Je viens d’être renvoyé
Figure 5: Dessin paru dans The Economist (11 Février 1995)
William Bridges, dans Jobshift7, fournit aux cadres britanniques un véritable kit de survie. Il
y constate en effet, la disparition progressive de l’emploi à durée indéterminée. C’est ce qu’il
nomme d’un barbarisme, le «de-jobbing». Pour lui, le «job», c’est-à-dire l’emploi fixe est
une invention récente (issue de la révolution industrielle). Il est maintenant démodé et en
voie de disparition. Voici quelques uns des faits qui expliquent ses conclusions:
Sur les 25,5 millions d’employés que compte le Royaume-Uni, seuls 14,5 Millions
(soit 57%) peuvent encore être considérés comme des employés traditionnels,
travaillant à temps plein pour un employeur. Plus de 6,6 Millions d’entre eux sont
des travailleurs à temps partiel, encore 3,3 Millions sont leurs propres employeurs et
1,4 Millions sont employés sous contrats temporaires8.
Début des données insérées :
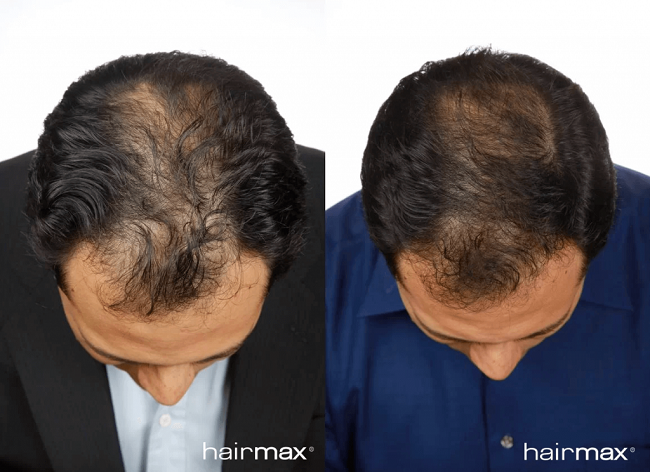 Is Hairmax Laser Comb Worth The Investment? In-Depth Review - Dr. Jose ...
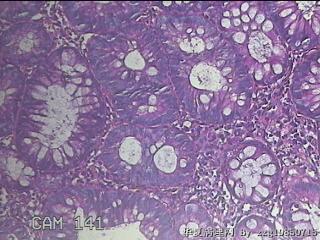 直肠粘膜图20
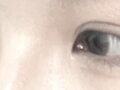 การผ่าตัดตาของ ดร.คิม ฮงจิน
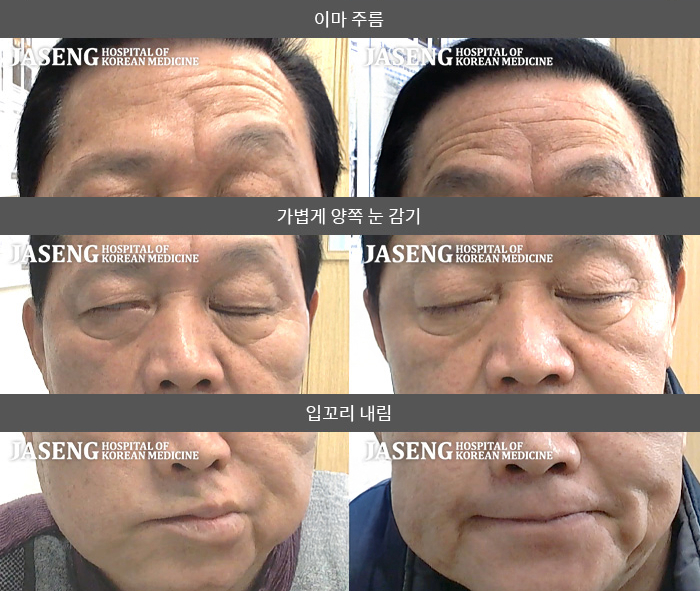 자생한방병원 치료사례 MRI로 보는 치료결과-오른쪽 눈이 안감기고 시리며 귀뒤 통증이 있다.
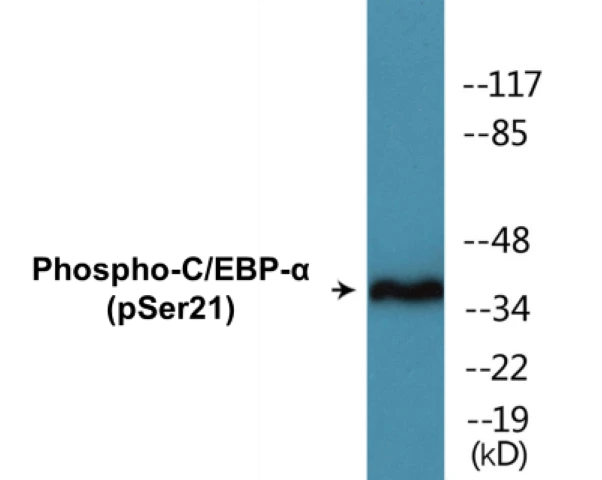 CEBP alpha (phospho Ser21) Cell Based ELISA Kit (A102534-296)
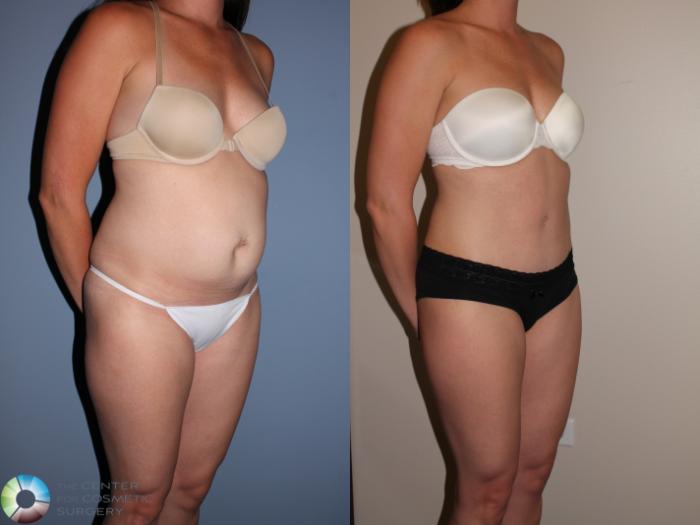 Before & After Tummy Tuck Case 11398 Right Oblique View in Golden, CO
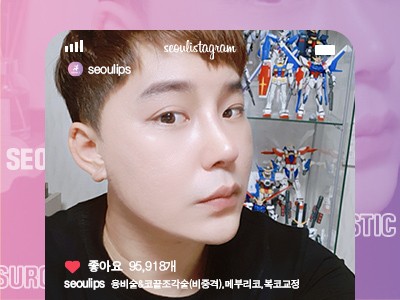 리얼셀카_#융비술&코끝조각술(비중격) #복코교정술 #메부리코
Il fournit, en conséquence, une check-list de survie pour employés en voie de «dé-
jobbisation». Ses conseils sont les suivants:
Conseils pour la survie
Soyez sur votre garde. Partez du principe que votre industrie sera la première, et
non la dernière à voir ses emplois stables supprimés. De cette façon, vous ne
serez pas pris au dépourvu.
Soyez à l’écoute des oracles. Soyez constamment à l’affût des changements
affectant votre industrie et sa technologie. L’informatique en particulier a été un
moteur de «dé-jobbisation» et continuera d’être un élément de déstabilisation.
Devenez un homme d’affaires. Au sens propre. Imaginez que vous êtes votre
propre entreprise, même si vous êtes encore employé. Etre un employé
traditionnel loyal, et en retour obtenir un emploi à vie ne sont plus synonymes.
Note7: Jobshift, William Bridges, Nicholas Brealey Publishing, 1995 (Cité dans British
Midland In-flight Magazine, Mai/Juin 1995)
Note8: Traduit de Voyager, Mai/Juin 1995, The ground moving under our feet.